Start of The input

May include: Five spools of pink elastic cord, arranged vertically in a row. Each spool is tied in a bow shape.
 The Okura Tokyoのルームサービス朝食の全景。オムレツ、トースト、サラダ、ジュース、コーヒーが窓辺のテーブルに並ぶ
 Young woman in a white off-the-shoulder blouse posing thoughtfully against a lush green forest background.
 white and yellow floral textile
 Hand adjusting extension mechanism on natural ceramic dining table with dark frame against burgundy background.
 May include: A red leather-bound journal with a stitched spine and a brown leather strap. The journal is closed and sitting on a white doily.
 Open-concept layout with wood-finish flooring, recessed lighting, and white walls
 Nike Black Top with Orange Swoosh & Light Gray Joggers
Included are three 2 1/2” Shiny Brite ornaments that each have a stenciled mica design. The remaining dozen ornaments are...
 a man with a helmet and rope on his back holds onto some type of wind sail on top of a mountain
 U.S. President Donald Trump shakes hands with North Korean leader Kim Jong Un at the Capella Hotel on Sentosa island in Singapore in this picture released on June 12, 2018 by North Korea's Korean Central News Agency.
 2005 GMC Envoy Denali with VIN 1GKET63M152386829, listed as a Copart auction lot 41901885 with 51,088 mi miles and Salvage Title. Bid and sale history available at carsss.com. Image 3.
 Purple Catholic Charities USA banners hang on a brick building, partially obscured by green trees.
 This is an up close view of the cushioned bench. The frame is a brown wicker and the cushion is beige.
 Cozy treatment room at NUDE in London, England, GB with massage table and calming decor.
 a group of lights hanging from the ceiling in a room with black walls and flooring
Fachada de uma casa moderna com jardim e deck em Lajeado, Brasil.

End of The input

Wherever a line contains the string "table", copy that line from the data.

 Hand adjusting extension mechanism on natural ceramic dining table with dark frame against burgundy background.
 Cozy treatment room at NUDE in London, England, GB with massage table and calming decor.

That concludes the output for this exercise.